In addition, nutrients such as glucose and amino acids increase tumor cell proliferation by activating growth signaling proto-oncogenes such as IGF1R, PI3K, and AKT. In this way, deprivation of nutrients and nutrient-responsive growth factors selectively kill high proliferative/resilient cancer cells by forcing their glycolytic asset toward an oxidative one. In fact, calorie restriction, defined as 30%-60% less of daily calorie requirement without malnutrition, is known to extend a healthy life span with anticancer effects, being particularly effective in reducing the incidence, mass, and metastasis of breast cancer (due to the profound metabolic reprogramming that builds up adaptive stress responses). Controlled fasting has also been demonstrated to be a promising adjuvant treatment in cancer therapy, mainly when associated with ketogenic diets that are low in carbohydrates and high in fats. Moreover, short-term fasting exerts a beneficial impact on cancer immunosurveillance, as it induces regulatory T cell depletion, while an isocaloric diet with protein restriction has been demonstrated to induce an IRE1α-dependent unfolded protein response in cancer cells, increasing the number of cytotoxic CD8+ T cells (CTLs). The presence of CTLs in the tumor environment (tumor infiltrating lymphocytes) is considered a positive outcome of cancer treatment[55,57].
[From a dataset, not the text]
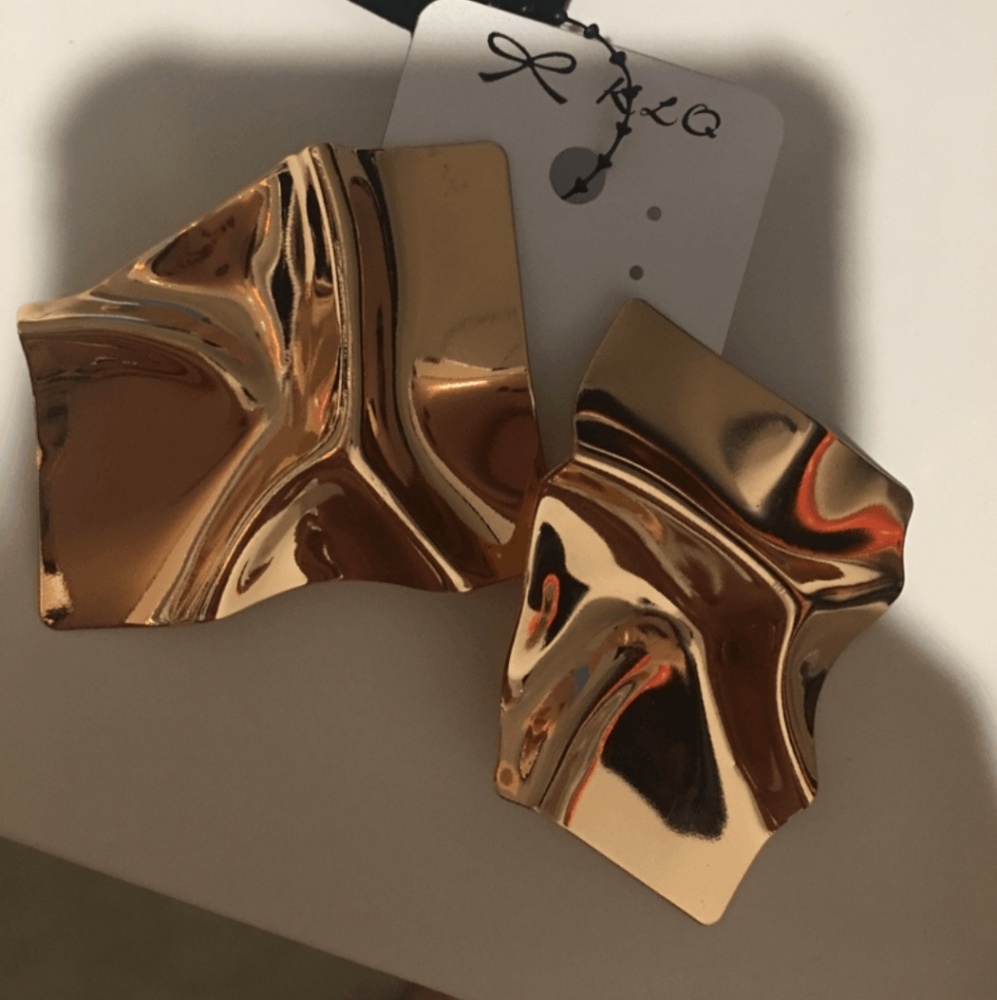 Gold tone earrings $20 🎉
Diet can also indirectly contribute to cancer initiation and progression by favoring obesity through over-nutrition and imbalanced diets. Obesity is closely linked to chronic inflammation, a significant cancer risk factor. When in a hyperplastic and hypertrophic state, adipose tissue is overloaded with a variety of pro-inflammatory immune cells, including classically activated macrophages, natural killer (commonly known as NK) cells, mast cells, neutrophils, dendritic cells (commonly known as DCs), B cells, CTL and T helpers 1 (Th1) cells. These cells release pro-inflammatory factors such as interferon-γ (IFN-γ), tumor necrosis factor-α (TNF-α), interleukin 1β (IL-1β), and interleukin 6 (IL-6), which lead to increased local and systemic inflammation and insulin resistance, becoming a strong promoter of tumor progression.
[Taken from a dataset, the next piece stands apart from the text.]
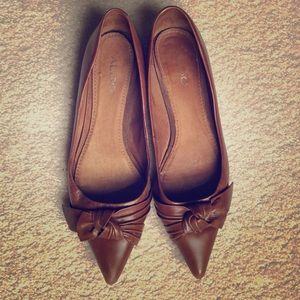 Brown flats with knot at toe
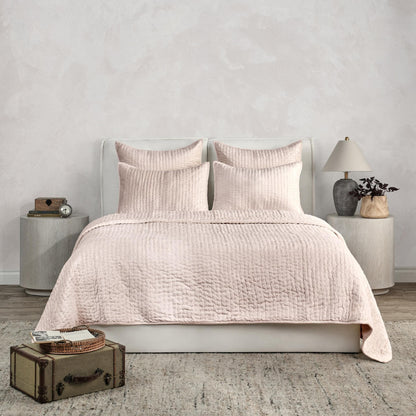 Bari - Velvet Quilt Set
The presence of insulin-resistant cells results in hyperinsulinemia and hyperglycemia, two important tumor-promoting effects; in fact, high concentrations of insulin, glucose, and non-esterified fatty acid (NEFA) are strong promoters of cell survival, growth, and proliferation and exert similar effects on tumor progenitors. In addition, high glucose concentrations favor glycolytic cancer cell metabolism characterized by enhanced glucose consumption. Moreover, during obesity, adipose tissue macrophages, which in healthy conditions are skewed towards the M2 anti-inflammatory phenotype, are directed to pro-inflammatory M1 macrophages. The M1 macrophages produce tumor-promoting cytokines (e.g., TNF, IL-6, and IL-1b) and chemokines, such as Monocyte chemoattractant protein-1 (MCP-1) and Macrophage migration inhibitory factor (MIF).
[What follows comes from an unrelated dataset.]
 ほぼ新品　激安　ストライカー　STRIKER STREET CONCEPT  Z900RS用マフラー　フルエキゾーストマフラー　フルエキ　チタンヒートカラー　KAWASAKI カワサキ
These data suggest that diet modulation could be used as a form of cancer chemoprevention in healthy individuals. In pharmacology, chemoprevention is used to describe the “use of pharmacological or natural agents that inhibits the development of invasive cancer either by blocking the DNA damage that initiates carcinogenesis or by arresting or reversing the progression of pre-malignant cells in which such damage has already occurred”.
Diet is also associated with the modulation of the gut microbiome that has a significant role in host metabolism, nutrition and physiological features (intestinal epithelial cell proliferation and differentiation, pH, function) as well as with the development of the immune system and protection against pathogens[63-65]. However, in addition to diet, the GM is influenced by numerous and incompletely elucidated factors, such as host genetics, gender, age, anthropometric parameters, health/disease condition, geographic and socio-economic factors, exhibiting a huge diversity among individuals. In healthy conditions, the GM plays a key role in the maintenance of the host physiological condition by modulating the host’s immunity. The GM can influence neutrophil migration and function, as well as the differentiation of T cell subsets into Th1, Th2, and Th17 or regulatory T cells (Tregs)[68-70]. By fermenting non-digestible complex carbohydrates such as dietary fiber, these commensal bacteria can produce short-chain fatty acids (SCFAs), which can cross the intestinal epithelium and reach the lamina propria, directly shaping mucosal immune responses.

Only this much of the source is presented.